How to ........ Cook our steaks

As our Little Black Angus cattle are naturally smaller than some of the continental bred cattle used by other suppliers, we cut the steaks a bit thicker in order to give a satisfactory size.

The steaks can be grilled, griddled or pan fried, depending on your preference.

REMOVE THE STEAK FROM THE FRIDGE TWO HOURS BEFORE COOKING TO ALLOW THE MEAT TO COME UP TO ROOM TEMPERATURE.

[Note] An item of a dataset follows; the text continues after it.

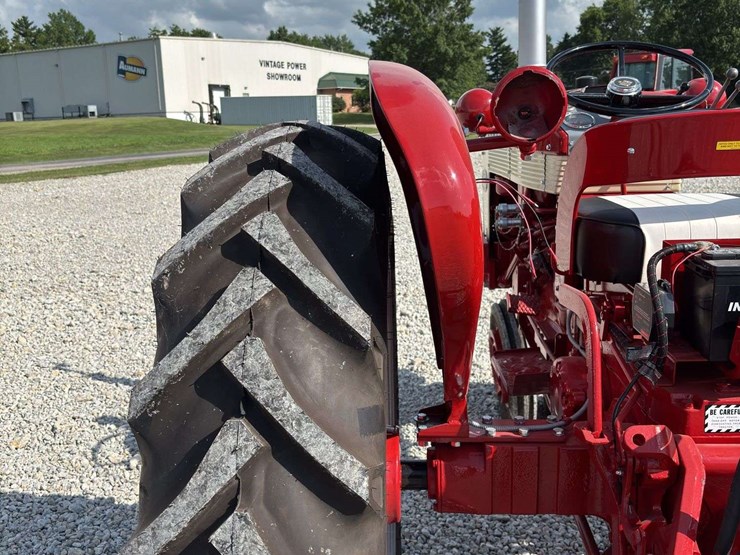 farmall-340-image-67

To pan fry; the pan should be as hot as you dare, and the steak should only be turned once. To grill pre-heat the grill and only turn the steak once.

BLUE

Seared outside, 1 minute each side, ensure all edges are sealed 100% red centre. Internal temperature 10-29 °C should feel spongy with no resistance.

RARE

Seared outside, 2 1/2 minutes on each side, 75% red centre, Internal temperature 30-50°C. Should feel soft and spongy with slight resistance.

MEDIUM RARE

Seared outside 3-4 minutes on each side 50% red centre, internal temperature 57-63 °C. Should feel fairly soft, fairly spongy and slightly springy.

MEDIUM

Seared outside, 4 minutes each side 25% pink centre, Internal temp 63-68 °C. Should feel fairly firm and springy.

MEDIUM WELL

Seared 5 minutes each side. Slight hint of pink. Internal temp 72-77°C. Should feel firm with a slight spring.

WELL DONE

6 minutes each side. Internal temperature 77°C. 100% brown throughout. Should feel very firm and will spring back quickly.